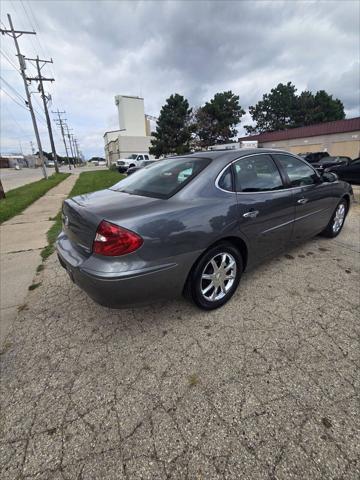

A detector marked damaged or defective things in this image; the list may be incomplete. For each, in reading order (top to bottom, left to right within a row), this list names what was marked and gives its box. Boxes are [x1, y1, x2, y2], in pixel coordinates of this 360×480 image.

cracked pavement [0, 204, 360, 478]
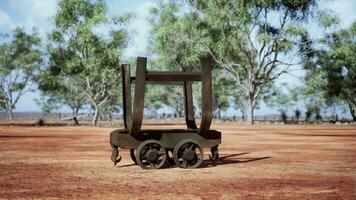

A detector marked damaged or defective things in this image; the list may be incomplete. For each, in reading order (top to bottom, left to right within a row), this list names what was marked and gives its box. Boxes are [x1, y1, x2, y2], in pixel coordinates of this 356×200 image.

rusted metal wheel [135, 140, 167, 170]
rusted metal wheel [175, 139, 204, 169]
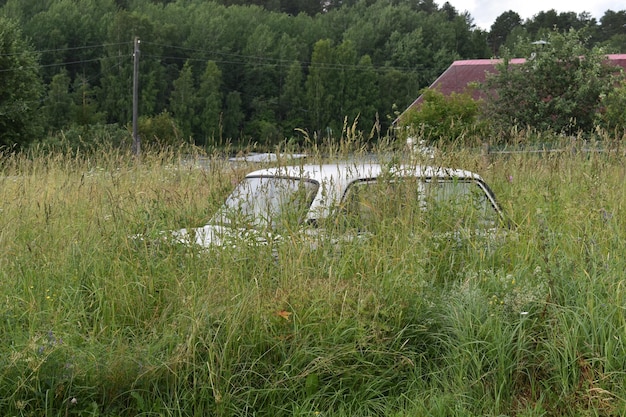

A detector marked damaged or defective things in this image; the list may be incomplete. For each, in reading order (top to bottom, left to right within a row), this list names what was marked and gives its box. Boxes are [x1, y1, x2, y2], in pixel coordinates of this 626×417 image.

abandoned white car [171, 162, 502, 247]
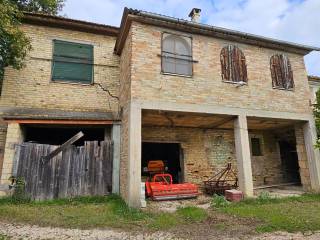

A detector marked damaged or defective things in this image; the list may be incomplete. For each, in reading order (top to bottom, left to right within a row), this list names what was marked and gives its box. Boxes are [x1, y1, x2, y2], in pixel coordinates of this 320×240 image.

broken window [52, 39, 93, 84]
broken window [161, 32, 191, 76]
broken window [220, 44, 248, 82]
broken window [270, 54, 292, 89]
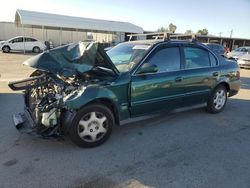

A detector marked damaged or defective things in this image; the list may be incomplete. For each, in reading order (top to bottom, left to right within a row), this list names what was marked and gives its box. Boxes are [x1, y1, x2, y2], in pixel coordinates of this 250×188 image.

crumpled hood [22, 42, 118, 76]
shattered windshield [106, 42, 151, 72]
_____
**What the task asks:**
Only an exact, picture-free copy of the entries counts as the answer.

**Result of this task:**
A detector marked damaged or defective things in this image; the list may be incomplete. For each, in reading order (top to bottom, left to right within a row), this list names what was marked and gives its box. Boxes are [x1, y1, x2, y2], in pixel coordinates of this 360×480 image.

cracked pavement [0, 204, 360, 478]

A detector marked damaged or defective things in this image; the list may be incomplete. For each, in reading order (top to bottom, left to right within a row), this list names what was marked and gives its box. Boxes are [x1, y1, x2, y2], in pixel coordinates of this 356×200 image.

rusted metal wheel [135, 140, 167, 170]
rusted metal wheel [175, 139, 204, 169]

A detector marked damaged or defective things in this image; the list may be incomplete. For each, in reading order (top to bottom, left to right within a row), this list names what was marked and gives its box. Boxes are [x1, y1, x2, y2], in pixel coordinates of this 626×417 image.

abandoned white car [171, 162, 502, 247]

A detector marked damaged or defective things in this image; the list may be incomplete. For each, in reading order (top to bottom, left to right within a row), this list names what was marked and gives its box. Boxes are [x1, y1, x2, y2], in pixel coordinates of this 320×240 image.

broken window [52, 39, 93, 84]
broken window [161, 32, 191, 76]
broken window [220, 44, 248, 82]
broken window [270, 54, 292, 89]

A detector marked damaged or defective things in this image; the list may be incomplete. For each, in reading order (top to bottom, left to right within a row), this list names what was marked and gives its box. Boxes are [x1, y1, x2, y2], in pixel coordinates of this 250×188 image.

crumpled hood [22, 42, 118, 76]
shattered windshield [106, 42, 151, 72]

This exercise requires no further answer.